Friday, May 29, 2009
If and when Son of Bazerk returns to the stage, they might have some new songs to perform. The group is in reportedly the studio with DJ Johnny Juice in New York.
Juice is one of the unsung heroes of the Public Enemy phenomenon, playing the background while bringing the noise to P.E. recording sessions. The other P.E. producers, the Bomb Squad were responsible for most of the bands combustible debut, "Bazerk Bazerk Bazerk," on Soul/MCA.
Friday, May 22, 2009
The family of slain rapper Dolla released this statement today:
“First and foremost we, the Burton family would like to thank everyone for all their kind thoughts and prayers during these trying times,” the statement reads. “Most recently, the Burton family was made aware that there have been numerous false claims of information floating around the ‘net and also reported in reputable media outlets. Part of this was due to someone who was not authorized to speak on the family’s behalf and who claimed to be the publicist of record decided to disseminate false information on her own and without the consent of the family to several media outlets.
“Due to the circumstances of the situation no other information will be released at this time.
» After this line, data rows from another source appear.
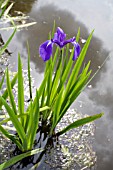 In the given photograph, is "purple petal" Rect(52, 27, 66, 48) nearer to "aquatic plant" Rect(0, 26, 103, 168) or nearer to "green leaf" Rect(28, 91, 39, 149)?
"aquatic plant" Rect(0, 26, 103, 168)

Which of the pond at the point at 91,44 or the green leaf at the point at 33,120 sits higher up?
the green leaf at the point at 33,120

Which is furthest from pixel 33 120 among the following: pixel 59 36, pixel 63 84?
pixel 59 36

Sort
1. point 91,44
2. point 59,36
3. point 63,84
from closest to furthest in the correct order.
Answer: point 59,36 → point 63,84 → point 91,44

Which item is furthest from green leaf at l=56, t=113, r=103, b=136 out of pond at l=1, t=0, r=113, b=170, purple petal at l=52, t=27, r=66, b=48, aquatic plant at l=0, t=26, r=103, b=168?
purple petal at l=52, t=27, r=66, b=48

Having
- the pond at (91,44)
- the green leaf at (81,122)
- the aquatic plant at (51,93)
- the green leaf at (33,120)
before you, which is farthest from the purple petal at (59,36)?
the pond at (91,44)

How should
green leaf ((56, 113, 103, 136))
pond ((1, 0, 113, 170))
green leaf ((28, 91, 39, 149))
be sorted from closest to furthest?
green leaf ((28, 91, 39, 149)) → green leaf ((56, 113, 103, 136)) → pond ((1, 0, 113, 170))

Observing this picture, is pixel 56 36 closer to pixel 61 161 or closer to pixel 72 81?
pixel 72 81

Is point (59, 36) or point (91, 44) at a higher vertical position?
point (59, 36)

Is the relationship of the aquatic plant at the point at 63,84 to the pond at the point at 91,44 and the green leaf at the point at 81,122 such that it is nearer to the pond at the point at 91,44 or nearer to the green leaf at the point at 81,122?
the green leaf at the point at 81,122

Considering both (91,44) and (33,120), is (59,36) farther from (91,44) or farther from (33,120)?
(91,44) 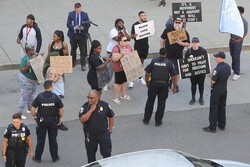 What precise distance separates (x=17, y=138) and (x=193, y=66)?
4.71 m

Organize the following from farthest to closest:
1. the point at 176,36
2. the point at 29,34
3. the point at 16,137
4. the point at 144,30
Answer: the point at 144,30
the point at 29,34
the point at 176,36
the point at 16,137

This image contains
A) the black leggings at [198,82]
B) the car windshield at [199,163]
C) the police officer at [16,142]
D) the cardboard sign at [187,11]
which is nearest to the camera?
the car windshield at [199,163]

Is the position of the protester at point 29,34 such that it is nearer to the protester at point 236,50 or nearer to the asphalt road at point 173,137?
the asphalt road at point 173,137

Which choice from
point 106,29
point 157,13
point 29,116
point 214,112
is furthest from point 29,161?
point 157,13

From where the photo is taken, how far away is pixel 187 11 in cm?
1486

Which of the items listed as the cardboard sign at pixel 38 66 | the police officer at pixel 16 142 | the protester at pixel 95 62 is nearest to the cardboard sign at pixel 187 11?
the protester at pixel 95 62

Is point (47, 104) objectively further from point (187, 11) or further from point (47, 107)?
point (187, 11)

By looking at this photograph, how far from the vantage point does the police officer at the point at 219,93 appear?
1191 cm

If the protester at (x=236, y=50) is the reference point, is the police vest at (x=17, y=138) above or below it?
below

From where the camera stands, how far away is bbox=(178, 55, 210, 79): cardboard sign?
1312cm

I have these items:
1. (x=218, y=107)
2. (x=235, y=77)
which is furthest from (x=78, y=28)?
(x=218, y=107)

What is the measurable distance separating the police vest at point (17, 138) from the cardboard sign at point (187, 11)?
19.8 feet

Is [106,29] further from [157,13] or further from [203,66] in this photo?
[203,66]

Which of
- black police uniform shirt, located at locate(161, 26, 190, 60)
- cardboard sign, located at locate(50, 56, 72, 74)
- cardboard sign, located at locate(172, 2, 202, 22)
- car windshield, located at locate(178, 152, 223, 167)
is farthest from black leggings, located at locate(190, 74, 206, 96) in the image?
car windshield, located at locate(178, 152, 223, 167) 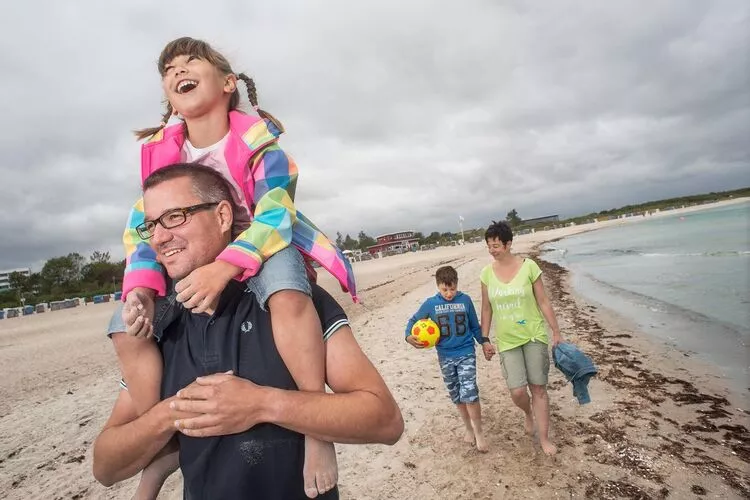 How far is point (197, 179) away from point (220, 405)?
91 centimetres

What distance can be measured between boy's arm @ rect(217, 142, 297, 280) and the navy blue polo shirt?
Answer: 192 mm

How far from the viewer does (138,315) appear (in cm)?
158

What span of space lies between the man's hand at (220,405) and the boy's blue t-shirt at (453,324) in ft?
13.0

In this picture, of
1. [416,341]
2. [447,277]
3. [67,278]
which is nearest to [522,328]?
[447,277]

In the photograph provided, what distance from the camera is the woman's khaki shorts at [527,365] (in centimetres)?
486

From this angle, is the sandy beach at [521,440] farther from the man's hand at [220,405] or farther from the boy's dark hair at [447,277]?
the man's hand at [220,405]

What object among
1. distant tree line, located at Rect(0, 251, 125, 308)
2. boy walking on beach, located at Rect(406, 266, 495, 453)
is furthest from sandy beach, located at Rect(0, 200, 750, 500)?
distant tree line, located at Rect(0, 251, 125, 308)

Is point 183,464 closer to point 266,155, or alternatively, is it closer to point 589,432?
point 266,155

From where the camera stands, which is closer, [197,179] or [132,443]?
[132,443]

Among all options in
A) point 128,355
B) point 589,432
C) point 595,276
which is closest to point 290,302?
point 128,355

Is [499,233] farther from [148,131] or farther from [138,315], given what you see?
[138,315]

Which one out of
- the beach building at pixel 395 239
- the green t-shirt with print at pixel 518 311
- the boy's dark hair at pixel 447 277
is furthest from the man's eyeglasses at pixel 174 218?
the beach building at pixel 395 239

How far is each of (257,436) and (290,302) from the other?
49cm

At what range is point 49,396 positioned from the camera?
9.92m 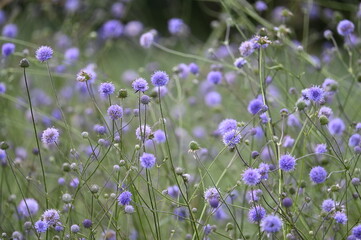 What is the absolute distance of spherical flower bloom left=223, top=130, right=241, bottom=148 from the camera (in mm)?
1586

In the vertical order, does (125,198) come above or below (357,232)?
above

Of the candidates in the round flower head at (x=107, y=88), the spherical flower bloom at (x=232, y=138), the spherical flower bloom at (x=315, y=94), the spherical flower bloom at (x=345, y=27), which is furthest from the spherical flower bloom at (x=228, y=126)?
the spherical flower bloom at (x=345, y=27)

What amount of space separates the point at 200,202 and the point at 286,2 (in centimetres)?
416

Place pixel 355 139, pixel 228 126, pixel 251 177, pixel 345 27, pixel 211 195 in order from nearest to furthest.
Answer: pixel 251 177, pixel 211 195, pixel 228 126, pixel 355 139, pixel 345 27

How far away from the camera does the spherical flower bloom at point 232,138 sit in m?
1.59

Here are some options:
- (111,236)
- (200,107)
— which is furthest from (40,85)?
(111,236)

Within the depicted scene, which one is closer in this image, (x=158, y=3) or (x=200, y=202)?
(x=200, y=202)

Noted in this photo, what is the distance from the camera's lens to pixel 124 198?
1.60 m

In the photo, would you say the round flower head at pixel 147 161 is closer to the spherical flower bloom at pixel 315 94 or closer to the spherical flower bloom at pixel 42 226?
the spherical flower bloom at pixel 42 226

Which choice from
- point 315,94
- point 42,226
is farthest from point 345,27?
point 42,226

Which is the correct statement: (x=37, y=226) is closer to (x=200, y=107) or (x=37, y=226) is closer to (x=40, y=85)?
(x=200, y=107)

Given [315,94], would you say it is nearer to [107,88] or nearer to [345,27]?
[107,88]

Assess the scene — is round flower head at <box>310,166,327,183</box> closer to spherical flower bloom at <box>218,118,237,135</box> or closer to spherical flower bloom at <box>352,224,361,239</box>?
spherical flower bloom at <box>352,224,361,239</box>

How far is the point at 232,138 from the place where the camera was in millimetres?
1587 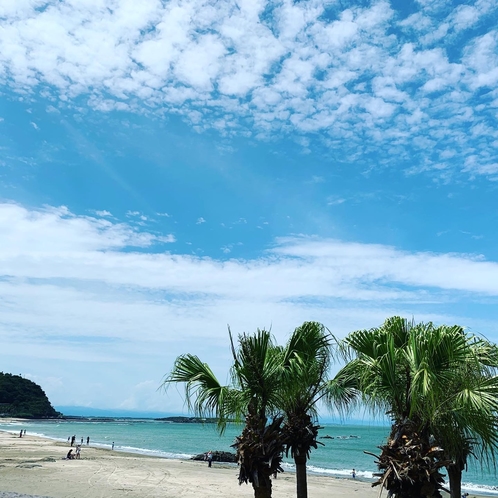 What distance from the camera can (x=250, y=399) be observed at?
994cm

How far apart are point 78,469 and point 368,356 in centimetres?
2471

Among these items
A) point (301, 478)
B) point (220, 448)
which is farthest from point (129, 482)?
point (220, 448)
We are grateful for your continued support in these trying times. We now ask everyone to allow us to mourn the loss of our beloved Roderick Anthony Burton.”
Tuesday, May 19, 2009
Dolla, shown here with DJ Lonnie Battle during a Richmond, Va. appearance at Pearl Lounge, was shot and killed yesterday. The rapper was slain while waiting for a ride at the Beverly Center mall in Los Angeles.
The rapper was signed to Akon's label in 2007, and was in L.A. to put the finishing touches on his oft-delayed debut.
Dolla was part of the Konvict Entertainment family and an incredible artist. This is a senseless crime and the industry has lost a real talent. Our heart goes out to his family, friends, and fans,” Akon said in a released statement.
Friday, May 01, 2009
In the above video, Malice, of The Clipse, all but confesses that the cocaine raps that they put out for young minds to consume, may not have been true stories. As that guy used to say on This Week In Baseball, "How 'bout that?" While this admission is not surprising, the fact that he made it is.
“There’s a lot of foolishness in hip-hop as my grandmother would say,” he said. “And I just want to say that I am and have been a part of the problem, the thing about it is I need foolishness in my hip-hop, I need foolishness in my movies. I happen to like that."
Given that Malice likes dwelling on foolishness, it's a safe bet that the duo will continue telling lies to our wives and children with their next release. But they may be on the hunt for new source material. Their manager was recently indicted for allegedly operating a large drug ring in Virginia.